Anti-Bot Evasion

Disclaimer

qCrawl is intended for ethical and research purposes only. Users should use this software at their own risk.

Modern websites employ sophisticated anti-bot detection systems to prevent automated scraping. qCrawl provides a comprehensive set of framework-level features to help you avoid detection while respecting website policies and legal boundaries.
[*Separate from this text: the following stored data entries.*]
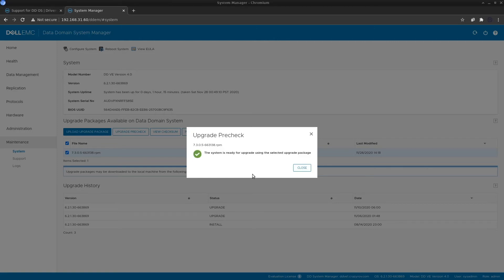The pre-check is now complete and the system is ready for the upgrade. If this stage fails, you would need to contact support to find out what the issue is with your system. Get it rectified before proceeding with the upgrade.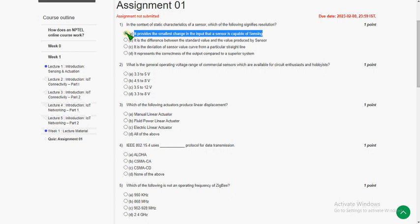Friends, all these questions are 100% correct. If you feel any doubt, please ask in the comment section and I will try to reply to those queries.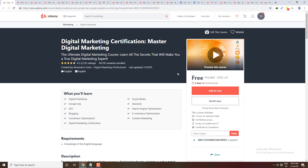So guys, those are the courses for today. If you like this video, please like and subscribe to the channel. Thank you.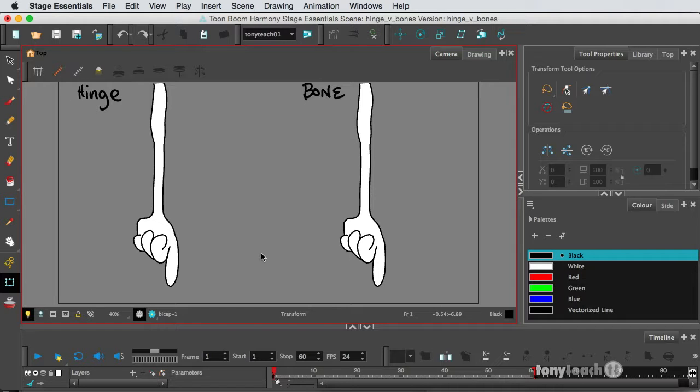and that is the beloved question, Flash vs. Toon Boom Harmony, or Flash vs. Toon Boom.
qCrawl's anti-bot capabilities work at the framework level and apply to all downloaders (HTTP, Camoufox, etc.).

These features help you:

Mimic human behavior - Natural request patterns and timing
Avoid fingerprinting - Rotate user agents, headers, and proxies
Handle rate limiting - Respect server capacity with intelligent throttling
Manage sessions - Automatic cookie and header handling
Recover gracefully - Smart retry strategies with exponential backoff

qCrawl Anti-Bot Capabilities

1. Rate Limiting and Throttling

Control request rate to mimic human browsing patterns:

custom_settings = {
    # Global concurrency limit
    "CONCURRENCY": 3,

    # Per-domain concurrency (prevents overwhelming single domain)
    "CONCURRENCY_PER_DOMAIN": 1,

    # Delay between requests to same domain (seconds)
    "DELAY_PER_DOMAIN": 2.0,

    # Random delay range (adds randomness to delays)
    "RANDOMIZE_DOWNLOAD_DELAY": True,

    # Download delay (global, across all domains)
    "DOWNLOAD_DELAY": 1.0,
}

Key Settings:

CONCURRENCY: Maximum concurrent requests across all domains
CONCURRENCY_PER_DOMAIN: Maximum concurrent requests per domain (most important for anti-bot)
DELAY_PER_DOMAIN: Minimum delay between requests to same domain
RANDOMIZE_DOWNLOAD_DELAY: Adds random variance to delays (0.5x to 1.5x)
DOWNLOAD_DELAY: Global minimum delay between any requests

Example Spider:

from qcrawl.core.spider import Spider

class PoliteSpider(Spider):
    name = "polite_spider"

    custom_settings = {
        "CONCURRENCY_PER_DOMAIN": 1,  # One request at a time per domain
        "DELAY_PER_DOMAIN": 3.0,       # 3 seconds between requests
        "RANDOMIZE_DOWNLOAD_DELAY": True,  # Vary timing naturally
    }

2. User Agent Rotation

Rotate user agents to avoid fingerprinting:

import random
from qcrawl.core.spider import Spider
from qcrawl.core.request import Request

class RotatingUserAgentSpider(Spider):
    name = "rotating_ua_spider"

    custom_settings = {
        "USER_AGENT": "Mozilla/5.0 (Windows NT 10.0; Win64; x64) AppleWebKit/537.36",
    }

    # Pool of realistic user agents
    user_agents = [
        "Mozilla/5.0 (Windows NT 10.0; Win64; x64) AppleWebKit/537.36 (KHTML, like Gecko) Chrome/120.0.0.0 Safari/537.36",
        "Mozilla/5.0 (Macintosh; Intel Mac OS X 10_15_7) AppleWebKit/537.36 (KHTML, like Gecko) Chrome/120.0.0.0 Safari/537.36",
        "Mozilla/5.0 (X11; Linux x86_64) AppleWebKit/537.36 (KHTML, like Gecko) Chrome/120.0.0.0 Safari/537.36",
        "Mozilla/5.0 (Windows NT 10.0; Win64; x64; rv:121.0) Gecko/20100101 Firefox/121.0",
        "Mozilla/5.0 (Macintosh; Intel Mac OS X 14.2; rv:121.0) Gecko/20100101 Firefox/121.0",
    ]

    async def start_requests(self):
        for url in self.start_urls:
            yield Request(
                url=url,
                headers={"User-Agent": random.choice(self.user_agents)}
            )

Best Practices:

Use recent, realistic user agent strings
Match user agent to other headers (Accept, Accept-Language, etc.)
Consider matching viewport size for browser automation
Don't rotate too frequently (appears suspicious)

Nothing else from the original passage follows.